* DIRECTIONS FOR THIS TASK
Your job is to copy every line in the material containing the word "Diamond".

# # # #

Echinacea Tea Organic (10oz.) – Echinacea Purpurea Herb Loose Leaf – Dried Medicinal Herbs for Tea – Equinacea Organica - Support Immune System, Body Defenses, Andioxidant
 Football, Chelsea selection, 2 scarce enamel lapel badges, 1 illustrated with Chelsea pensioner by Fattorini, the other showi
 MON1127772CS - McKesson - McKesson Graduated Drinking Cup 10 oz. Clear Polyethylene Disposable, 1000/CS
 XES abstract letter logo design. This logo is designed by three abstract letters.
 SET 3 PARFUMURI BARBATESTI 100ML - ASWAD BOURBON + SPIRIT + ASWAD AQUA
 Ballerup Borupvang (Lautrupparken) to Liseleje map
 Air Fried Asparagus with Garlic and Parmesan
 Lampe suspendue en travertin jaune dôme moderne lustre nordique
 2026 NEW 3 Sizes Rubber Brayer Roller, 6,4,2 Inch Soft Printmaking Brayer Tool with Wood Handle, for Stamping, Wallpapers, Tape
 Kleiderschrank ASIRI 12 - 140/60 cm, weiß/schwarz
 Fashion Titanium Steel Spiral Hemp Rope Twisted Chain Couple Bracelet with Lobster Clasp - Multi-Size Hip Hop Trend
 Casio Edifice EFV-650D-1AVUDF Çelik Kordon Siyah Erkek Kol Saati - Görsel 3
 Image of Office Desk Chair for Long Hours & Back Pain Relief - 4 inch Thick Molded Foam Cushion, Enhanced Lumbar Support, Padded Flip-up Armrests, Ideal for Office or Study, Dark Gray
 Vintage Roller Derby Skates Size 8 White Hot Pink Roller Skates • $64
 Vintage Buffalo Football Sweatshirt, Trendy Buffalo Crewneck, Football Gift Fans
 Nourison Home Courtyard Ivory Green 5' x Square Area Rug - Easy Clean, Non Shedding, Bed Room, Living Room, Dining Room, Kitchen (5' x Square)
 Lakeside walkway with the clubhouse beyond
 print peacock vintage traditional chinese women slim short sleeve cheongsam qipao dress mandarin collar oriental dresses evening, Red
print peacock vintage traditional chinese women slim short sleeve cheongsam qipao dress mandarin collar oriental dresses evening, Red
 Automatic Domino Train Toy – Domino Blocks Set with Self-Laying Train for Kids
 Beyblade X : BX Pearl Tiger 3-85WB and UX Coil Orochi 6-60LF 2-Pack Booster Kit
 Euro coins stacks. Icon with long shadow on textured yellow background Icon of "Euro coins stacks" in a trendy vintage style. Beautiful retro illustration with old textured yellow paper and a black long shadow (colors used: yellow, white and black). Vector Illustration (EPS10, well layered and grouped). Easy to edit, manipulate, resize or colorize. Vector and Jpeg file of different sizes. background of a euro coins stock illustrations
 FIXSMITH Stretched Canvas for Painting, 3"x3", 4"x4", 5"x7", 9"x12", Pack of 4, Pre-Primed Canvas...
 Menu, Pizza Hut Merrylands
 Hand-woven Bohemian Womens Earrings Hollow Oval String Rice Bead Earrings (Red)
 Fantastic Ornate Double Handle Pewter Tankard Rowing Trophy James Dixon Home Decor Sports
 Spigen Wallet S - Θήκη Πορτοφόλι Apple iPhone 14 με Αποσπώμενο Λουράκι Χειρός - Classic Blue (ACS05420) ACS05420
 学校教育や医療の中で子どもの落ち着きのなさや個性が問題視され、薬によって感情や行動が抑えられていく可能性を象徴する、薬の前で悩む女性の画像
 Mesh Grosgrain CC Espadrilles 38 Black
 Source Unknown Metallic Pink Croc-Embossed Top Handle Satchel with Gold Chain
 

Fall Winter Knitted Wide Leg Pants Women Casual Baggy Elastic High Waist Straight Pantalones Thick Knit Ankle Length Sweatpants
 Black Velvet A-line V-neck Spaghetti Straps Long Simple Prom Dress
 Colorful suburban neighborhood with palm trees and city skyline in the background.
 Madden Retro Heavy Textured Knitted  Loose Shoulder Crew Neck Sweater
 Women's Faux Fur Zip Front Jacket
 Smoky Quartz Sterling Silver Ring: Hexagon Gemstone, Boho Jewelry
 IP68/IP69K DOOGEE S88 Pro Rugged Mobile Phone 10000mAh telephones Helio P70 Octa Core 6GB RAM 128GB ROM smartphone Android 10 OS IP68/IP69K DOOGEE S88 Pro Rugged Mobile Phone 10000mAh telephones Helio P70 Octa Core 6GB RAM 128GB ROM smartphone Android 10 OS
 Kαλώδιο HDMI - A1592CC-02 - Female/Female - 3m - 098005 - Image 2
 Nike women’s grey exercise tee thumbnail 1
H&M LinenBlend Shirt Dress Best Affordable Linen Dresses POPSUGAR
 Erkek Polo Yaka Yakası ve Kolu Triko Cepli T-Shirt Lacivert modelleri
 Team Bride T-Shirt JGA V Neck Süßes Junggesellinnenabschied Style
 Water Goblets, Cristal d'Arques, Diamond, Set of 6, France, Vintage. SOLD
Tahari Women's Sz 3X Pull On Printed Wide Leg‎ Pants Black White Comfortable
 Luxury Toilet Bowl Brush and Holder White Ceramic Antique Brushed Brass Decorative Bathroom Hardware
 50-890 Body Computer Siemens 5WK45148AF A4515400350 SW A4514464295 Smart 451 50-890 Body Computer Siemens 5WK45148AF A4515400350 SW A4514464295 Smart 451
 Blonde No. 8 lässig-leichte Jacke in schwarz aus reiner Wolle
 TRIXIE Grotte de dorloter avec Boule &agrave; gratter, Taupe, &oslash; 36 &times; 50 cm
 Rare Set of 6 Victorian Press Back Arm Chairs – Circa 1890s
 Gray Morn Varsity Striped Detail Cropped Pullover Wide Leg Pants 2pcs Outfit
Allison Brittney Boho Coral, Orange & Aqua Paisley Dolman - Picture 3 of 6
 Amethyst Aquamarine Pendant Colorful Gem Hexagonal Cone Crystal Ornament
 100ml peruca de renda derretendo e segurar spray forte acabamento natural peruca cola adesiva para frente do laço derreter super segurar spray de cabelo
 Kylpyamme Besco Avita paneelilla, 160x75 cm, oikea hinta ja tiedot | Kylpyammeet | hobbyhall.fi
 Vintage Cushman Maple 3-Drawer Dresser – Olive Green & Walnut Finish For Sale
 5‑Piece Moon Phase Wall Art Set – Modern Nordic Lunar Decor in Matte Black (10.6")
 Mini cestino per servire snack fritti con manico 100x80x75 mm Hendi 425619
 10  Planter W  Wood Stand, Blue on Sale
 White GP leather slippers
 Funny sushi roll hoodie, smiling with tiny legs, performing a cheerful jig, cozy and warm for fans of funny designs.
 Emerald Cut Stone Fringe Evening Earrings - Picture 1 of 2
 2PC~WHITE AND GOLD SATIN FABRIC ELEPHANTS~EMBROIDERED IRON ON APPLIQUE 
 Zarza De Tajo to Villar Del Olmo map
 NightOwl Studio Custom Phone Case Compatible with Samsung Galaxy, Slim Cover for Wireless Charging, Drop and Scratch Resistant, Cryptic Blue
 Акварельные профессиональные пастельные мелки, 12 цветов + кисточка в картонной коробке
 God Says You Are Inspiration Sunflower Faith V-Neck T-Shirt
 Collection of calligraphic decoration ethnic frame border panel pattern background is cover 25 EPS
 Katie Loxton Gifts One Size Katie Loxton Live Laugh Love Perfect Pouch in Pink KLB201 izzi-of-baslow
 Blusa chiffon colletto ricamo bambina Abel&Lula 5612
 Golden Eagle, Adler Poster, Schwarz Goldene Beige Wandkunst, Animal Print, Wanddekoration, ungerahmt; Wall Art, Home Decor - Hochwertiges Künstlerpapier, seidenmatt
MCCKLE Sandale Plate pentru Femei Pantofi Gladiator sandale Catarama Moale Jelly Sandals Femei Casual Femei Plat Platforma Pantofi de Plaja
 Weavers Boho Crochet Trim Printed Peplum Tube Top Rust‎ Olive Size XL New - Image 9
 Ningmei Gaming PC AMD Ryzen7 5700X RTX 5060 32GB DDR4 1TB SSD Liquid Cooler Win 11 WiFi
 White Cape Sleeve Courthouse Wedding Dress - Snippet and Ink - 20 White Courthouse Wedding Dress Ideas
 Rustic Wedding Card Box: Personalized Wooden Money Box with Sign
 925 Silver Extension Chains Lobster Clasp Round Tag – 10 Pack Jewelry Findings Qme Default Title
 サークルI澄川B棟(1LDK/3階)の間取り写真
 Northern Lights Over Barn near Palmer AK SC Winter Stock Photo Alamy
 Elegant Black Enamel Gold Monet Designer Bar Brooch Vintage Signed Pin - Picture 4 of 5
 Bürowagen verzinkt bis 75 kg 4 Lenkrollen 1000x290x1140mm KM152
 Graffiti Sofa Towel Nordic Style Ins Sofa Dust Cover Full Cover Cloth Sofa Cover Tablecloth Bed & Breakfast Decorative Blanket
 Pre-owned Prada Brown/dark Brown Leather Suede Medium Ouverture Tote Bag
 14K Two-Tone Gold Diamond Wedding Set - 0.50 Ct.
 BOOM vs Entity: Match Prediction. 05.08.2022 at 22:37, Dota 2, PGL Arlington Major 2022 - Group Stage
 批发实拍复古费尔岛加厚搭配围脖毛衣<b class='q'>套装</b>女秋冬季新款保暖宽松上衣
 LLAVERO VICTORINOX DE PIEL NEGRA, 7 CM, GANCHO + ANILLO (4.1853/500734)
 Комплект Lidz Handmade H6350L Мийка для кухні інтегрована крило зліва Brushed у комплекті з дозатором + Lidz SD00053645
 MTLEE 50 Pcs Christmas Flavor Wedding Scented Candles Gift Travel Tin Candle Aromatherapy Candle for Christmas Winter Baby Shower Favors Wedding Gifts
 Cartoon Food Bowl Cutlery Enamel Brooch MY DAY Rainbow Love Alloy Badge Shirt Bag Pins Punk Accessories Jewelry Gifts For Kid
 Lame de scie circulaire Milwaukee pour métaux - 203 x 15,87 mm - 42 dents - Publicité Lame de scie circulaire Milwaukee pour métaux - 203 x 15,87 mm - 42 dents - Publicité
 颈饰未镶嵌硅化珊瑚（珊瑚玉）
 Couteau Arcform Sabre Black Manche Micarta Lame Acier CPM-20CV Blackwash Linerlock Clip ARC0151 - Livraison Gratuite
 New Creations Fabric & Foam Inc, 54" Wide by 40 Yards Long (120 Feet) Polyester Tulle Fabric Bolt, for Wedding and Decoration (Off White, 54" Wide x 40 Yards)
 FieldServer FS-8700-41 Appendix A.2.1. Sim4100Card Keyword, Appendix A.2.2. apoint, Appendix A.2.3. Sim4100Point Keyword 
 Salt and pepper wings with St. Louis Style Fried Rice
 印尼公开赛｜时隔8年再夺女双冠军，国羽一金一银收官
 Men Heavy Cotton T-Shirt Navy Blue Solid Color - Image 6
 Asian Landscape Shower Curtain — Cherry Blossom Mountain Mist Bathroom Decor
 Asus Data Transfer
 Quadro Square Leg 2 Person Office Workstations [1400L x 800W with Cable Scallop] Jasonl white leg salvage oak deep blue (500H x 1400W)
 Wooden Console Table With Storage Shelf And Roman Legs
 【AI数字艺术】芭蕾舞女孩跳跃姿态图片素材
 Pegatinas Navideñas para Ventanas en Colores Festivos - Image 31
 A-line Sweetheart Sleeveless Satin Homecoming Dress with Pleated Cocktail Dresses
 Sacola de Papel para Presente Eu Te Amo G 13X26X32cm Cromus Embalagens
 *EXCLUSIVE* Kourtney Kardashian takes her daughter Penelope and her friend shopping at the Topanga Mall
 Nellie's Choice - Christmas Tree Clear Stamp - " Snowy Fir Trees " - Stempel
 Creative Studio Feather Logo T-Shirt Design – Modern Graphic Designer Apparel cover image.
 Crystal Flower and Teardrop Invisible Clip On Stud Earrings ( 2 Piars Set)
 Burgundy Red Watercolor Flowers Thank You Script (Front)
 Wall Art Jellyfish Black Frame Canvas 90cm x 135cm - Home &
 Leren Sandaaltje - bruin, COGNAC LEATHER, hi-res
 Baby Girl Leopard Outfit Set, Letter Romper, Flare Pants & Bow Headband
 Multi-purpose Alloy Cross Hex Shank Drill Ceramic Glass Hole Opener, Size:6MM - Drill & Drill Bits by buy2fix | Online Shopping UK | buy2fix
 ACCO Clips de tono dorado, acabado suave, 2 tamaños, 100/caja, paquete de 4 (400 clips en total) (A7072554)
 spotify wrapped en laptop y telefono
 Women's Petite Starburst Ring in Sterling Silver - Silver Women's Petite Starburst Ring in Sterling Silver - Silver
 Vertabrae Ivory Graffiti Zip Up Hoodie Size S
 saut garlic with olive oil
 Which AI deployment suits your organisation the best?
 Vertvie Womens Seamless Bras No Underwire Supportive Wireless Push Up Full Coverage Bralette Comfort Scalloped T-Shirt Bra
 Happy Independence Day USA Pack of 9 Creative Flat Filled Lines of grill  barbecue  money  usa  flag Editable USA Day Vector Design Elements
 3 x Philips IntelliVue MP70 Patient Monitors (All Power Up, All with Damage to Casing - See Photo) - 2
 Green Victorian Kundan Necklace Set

# # # #

* RESULT OF THE TASK
 Water Goblets, Cristal d'Arques, Diamond, Set of 6, France, Vintage. SOLD
 14K Two-Tone Gold Diamond Wedding Set - 0.50 Ct.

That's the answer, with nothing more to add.